In any case I wonder, for instance, haven't there been any visual novel translation projects forced to quit due to an inability to decompile the code, or has every popular VN engine been totally decompiled? The flimsiness of Flash SWFs' security is actually pretty scary.
I don't know of any, offhand. You may want to ask at the gemot, where the translators hang out.

My gut feeling is that the only games that haven't been cracked are the ones that nobody has felt like cracking.
Digital distribution has got to be the most important development after digital creation when it comes to the ability of an artist to work professionally as a true independent; it's this idea that "digital" means "totally unsafe" when it comes to the protection of both copyright and, as it were, "potential profit," that causes somewhat helpless paranoia.
This is an important problem of our time, and a very complex one for many reasons. Artists deserve to be compensated for their work, while at the same time users deserve to be able to use the works they've bought.

Underlying this is the technical problem that to play a file all the information necessary to play it must be present on the users system; and if all the information necessary to play the file is present, then people can get at those files and do what they want with them.

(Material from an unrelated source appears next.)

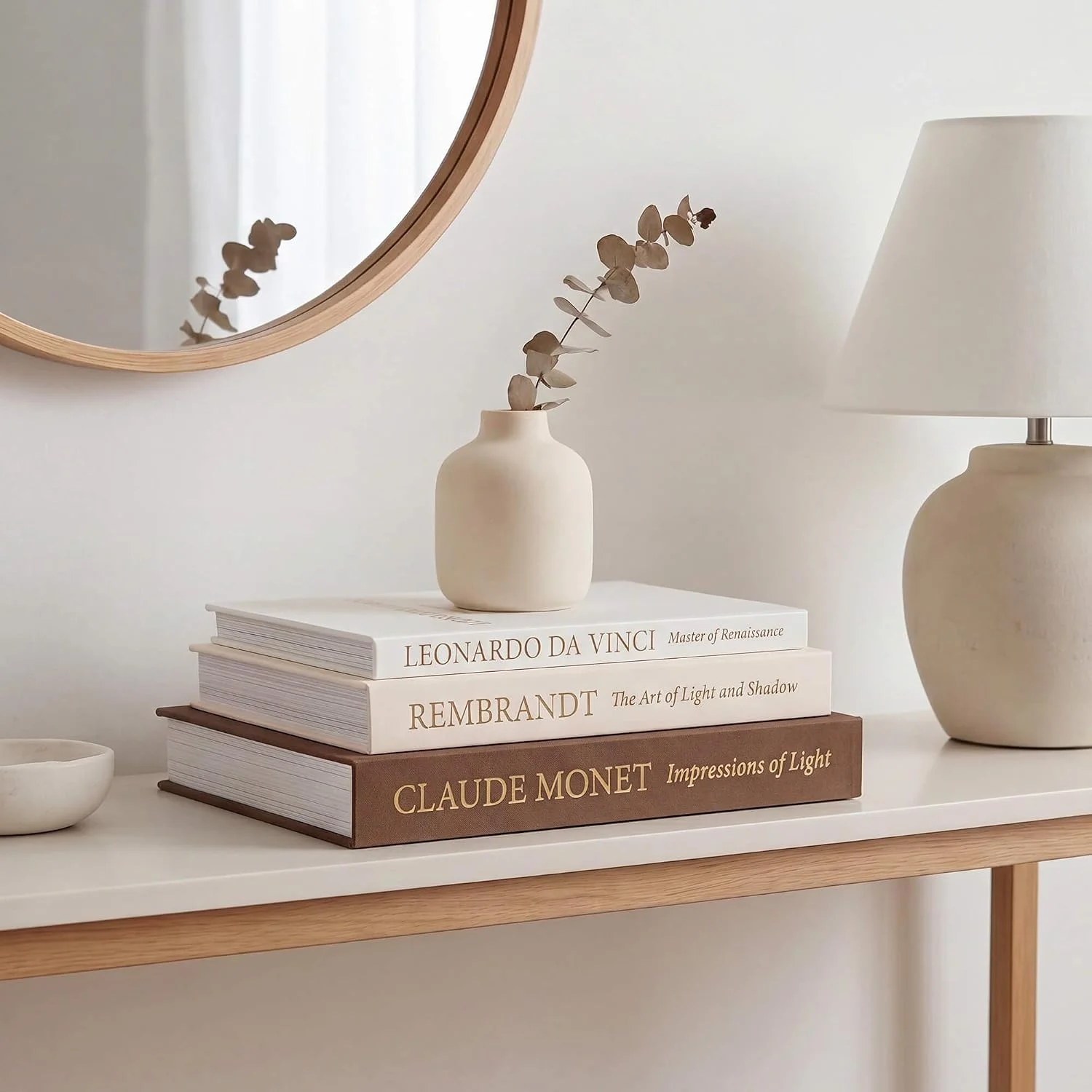 Artist trio linen storage books, Brown-Beige-White: sideboard arrangement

I have given some thought on how to add copy-protection to Ren'Py games. It's not a trivial problem, since anything done in the python code is trivial to intercept, if the python code can be changed. I think I would need to develop a python interpreter that only runs signed/encrypted code, and only accesses signed/encrypted data files.

That's a lot of work, and frankly it's still just pseudo-encryption, since all the information needed to access the data is there, for anyone with any modicum of skill to access. I don't want people basing a business model around what is ultimately a faulty assumption (information can be protected for any guaranteed amount of time), and I really don't want to step foot in the DRM/Copy protection tar pit.

The only approach I see that has even a chance for success would be to use steganography to encode the user's personal details (Name, Address, Phone, Credit Card, etc.) into the game before he gets it, along with the promise that if piracy becomes widespread, you will release a tool that lets people access the encrypted, steganographied, information.

This approach has a number of flaws:

1) Technical: It's possible to detect and remove the steganographic information.
2) Weak identities: The user can buy the game under an assumed name, with a virtual/disposable credit card.
3) Legal: The credit card companies may not take kindly to you posting people's personal details, or a tool that allows them to be obtained.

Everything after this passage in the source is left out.